List,

We are having an old cloud setup with OpenStack  Ussuri usng Debian OS, (Qemu KVM ).  I know its very old and we can't upgrade to to new versions right now.

The  Deployment is as follows.

A.    3 Controller in (cum compute nodes . VMs are running on controllers too..) in HA mode.

B.   6 separate Compute nodes

C.    3 separate Storage node with Ceph RBD

Question is

1.  In case of any Sudden Hardware failure of one  or more controller node OR Compute node  OR Storage Node  what will be the immediate redundant  recovery setup need to be employed ?

2.  In case H/W failure our  recovery need to as soon as possible. For example less than30 Minutes after the first failure occurs.

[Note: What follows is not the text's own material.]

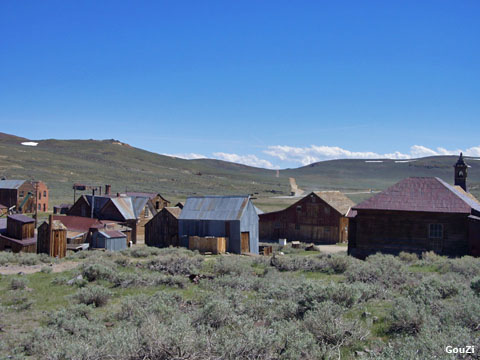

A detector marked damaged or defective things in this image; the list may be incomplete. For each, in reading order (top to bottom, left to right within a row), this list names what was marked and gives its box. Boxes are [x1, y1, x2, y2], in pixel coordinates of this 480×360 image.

rusty metal roof [180, 195, 251, 221]
rusty metal roof [352, 177, 480, 214]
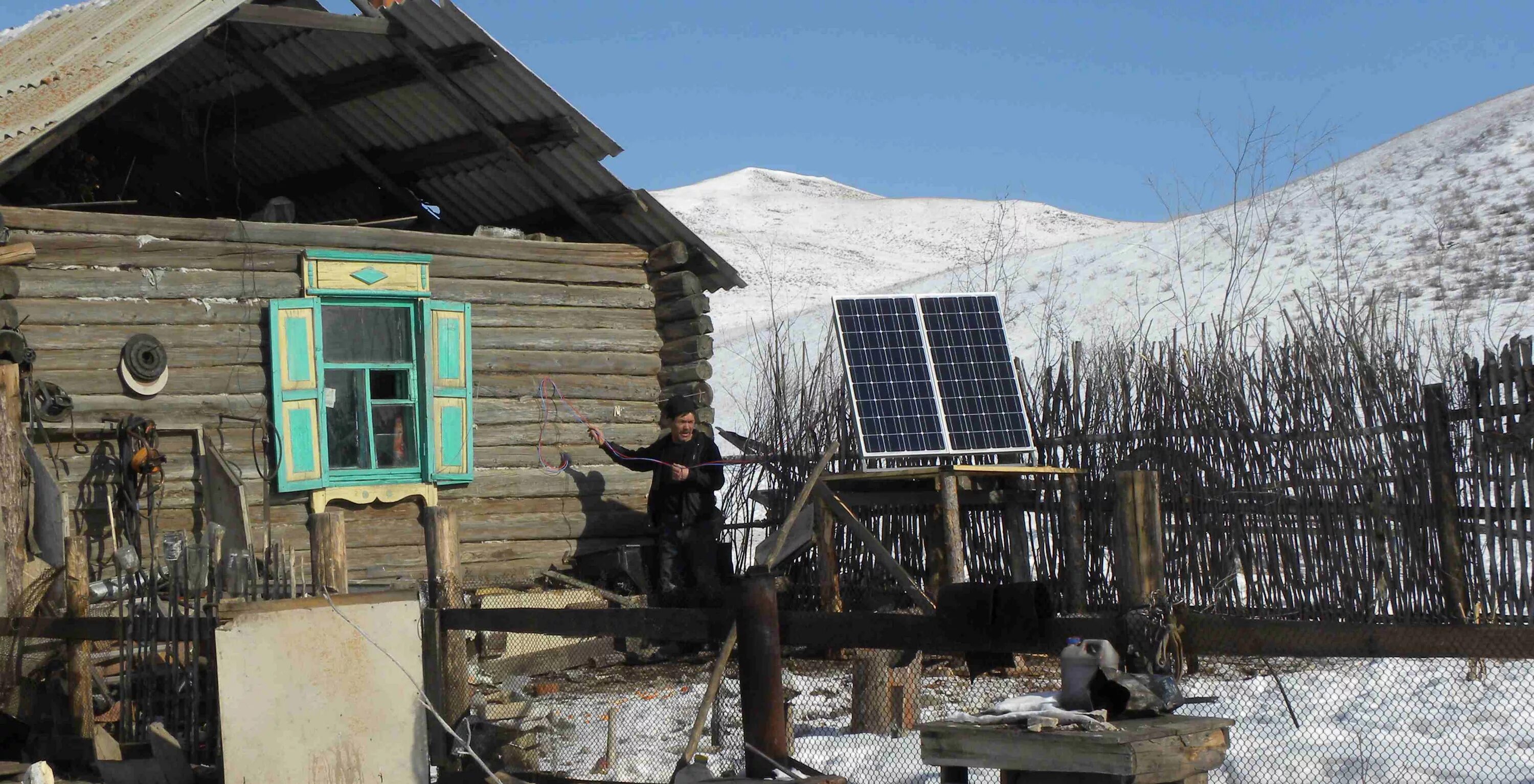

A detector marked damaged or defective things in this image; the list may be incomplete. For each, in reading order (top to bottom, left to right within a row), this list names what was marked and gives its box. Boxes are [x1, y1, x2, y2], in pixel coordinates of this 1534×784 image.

rusty metal object [739, 567, 792, 782]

3.  Is there setup options like a hot standby or similar setups or what  we need to employ ?

4. To meet all   RTO (< 30 Minutes down time ) and RPO(from the exact point of crash all applications and data must be consistent) . 

5. Please share  your thoughts for reliable crash/fault resistance configuration options in DC.


We  have   a remote DR setup right now in a remote location. Also I would like to know if there is a recommended way to make the remote DR site Automatically up and run  ? OR How to automate the service from DR site  to  meet exact RTO and RPO 

Any thoughts most welcom.

Regards,
Krish